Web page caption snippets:
● ● ●

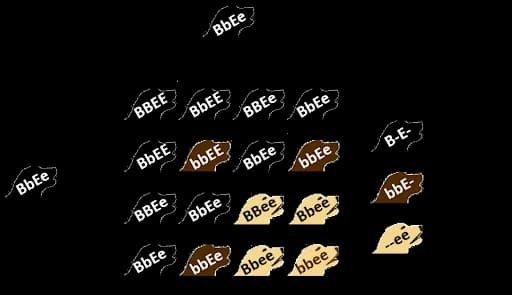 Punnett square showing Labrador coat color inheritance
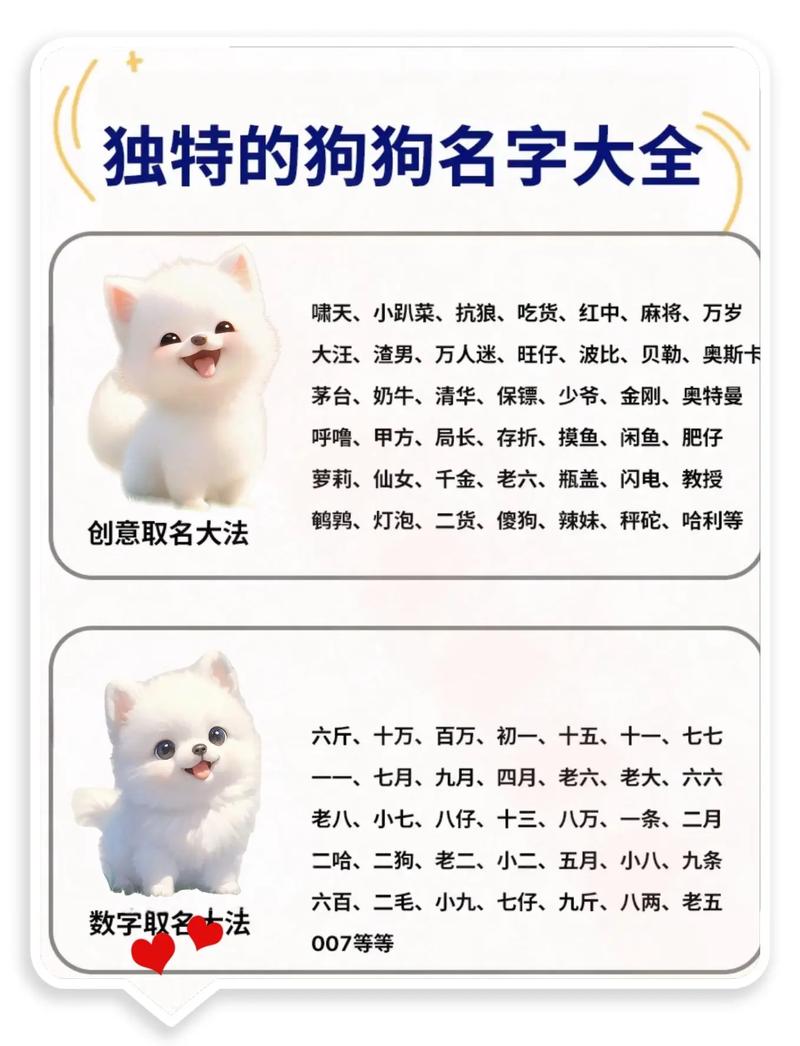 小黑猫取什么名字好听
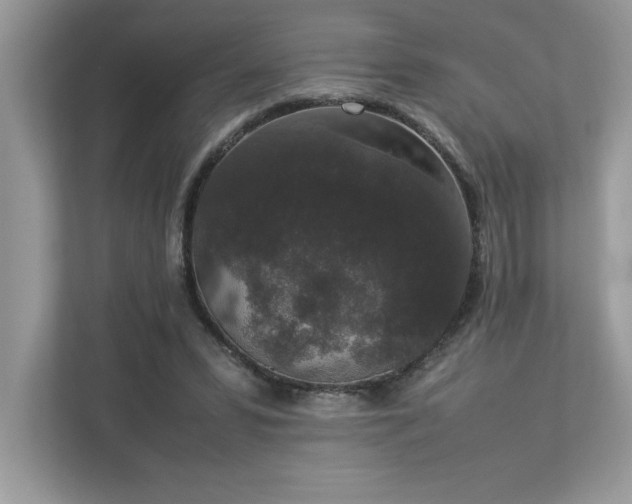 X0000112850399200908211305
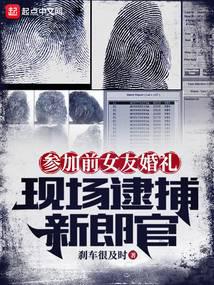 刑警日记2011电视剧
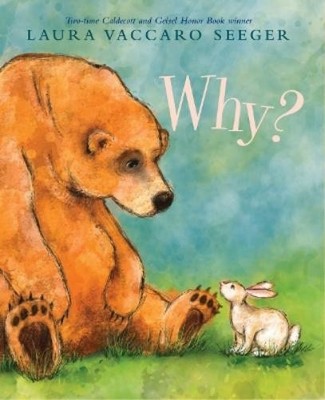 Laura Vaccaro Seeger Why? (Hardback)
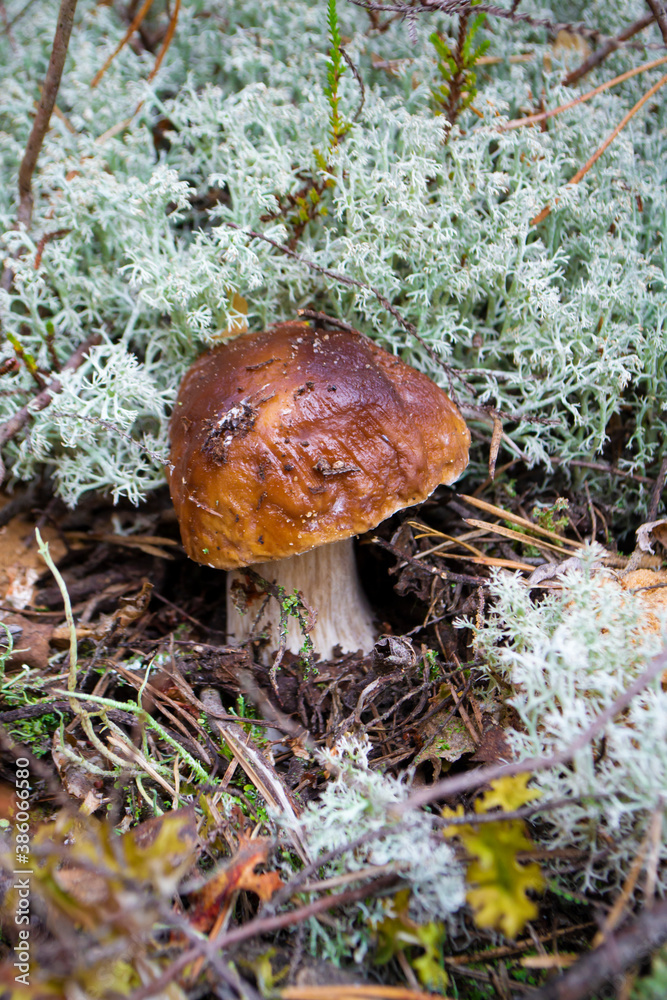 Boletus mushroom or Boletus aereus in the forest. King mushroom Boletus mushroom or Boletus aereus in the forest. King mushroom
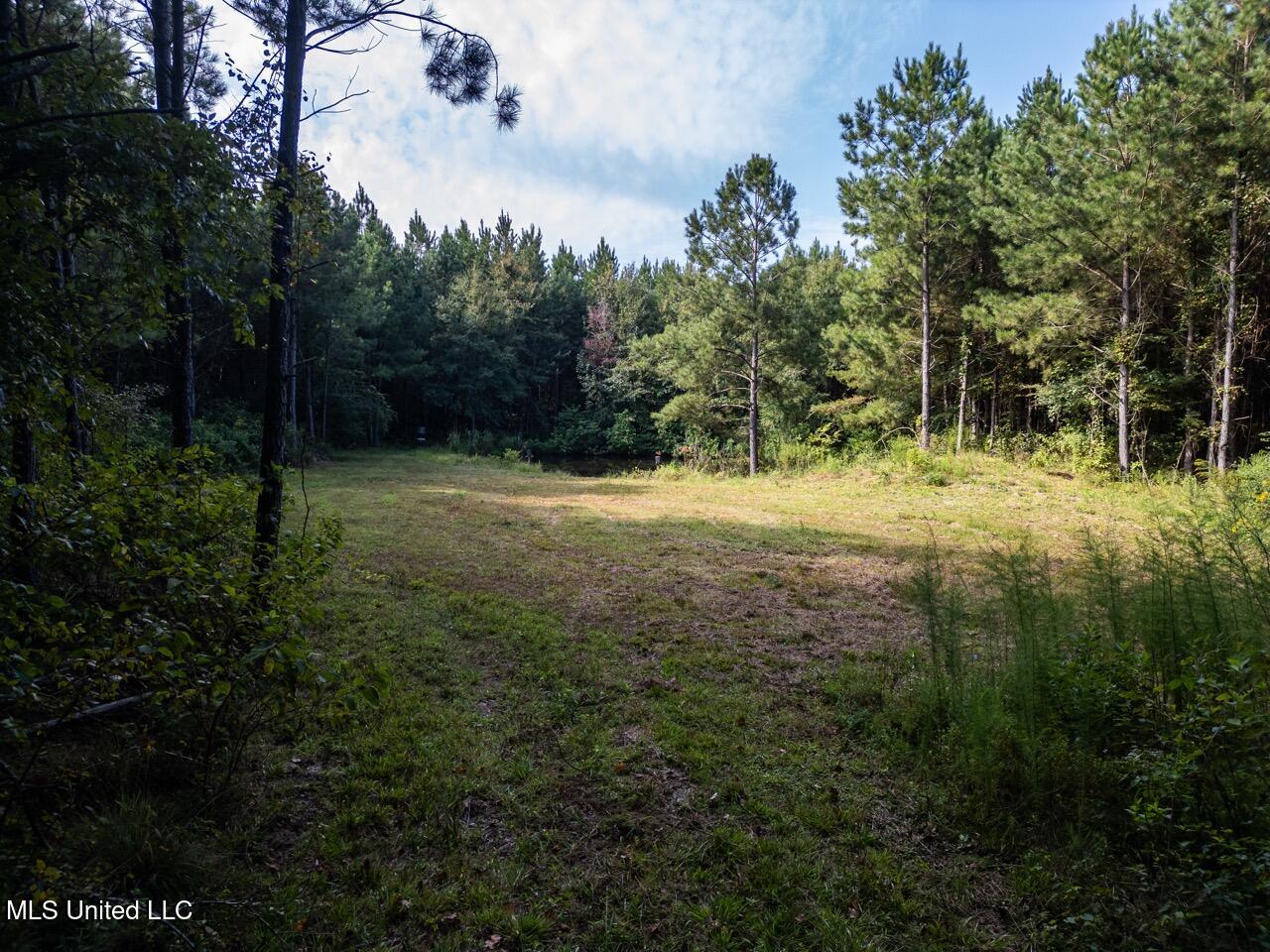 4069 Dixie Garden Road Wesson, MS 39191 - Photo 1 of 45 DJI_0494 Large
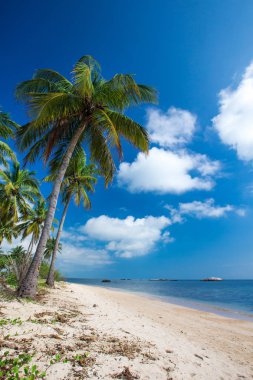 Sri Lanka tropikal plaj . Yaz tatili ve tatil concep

● ● ●

Required action:
Copy each entry exactly as written. Images should not appear in the copy.

Response to the task:
 Punnett square showing Labrador coat color inheritance
 小黑猫取什么名字好听
 X0000112850399200908211305
 刑警日记2011电视剧
 Laura Vaccaro Seeger Why? (Hardback)
 Boletus mushroom or Boletus aereus in the forest. King mushroom Boletus mushroom or Boletus aereus in the forest. King mushroom
 4069 Dixie Garden Road Wesson, MS 39191 - Photo 1 of 45 DJI_0494 Large
 Sri Lanka tropikal plaj . Yaz tatili ve tatil concep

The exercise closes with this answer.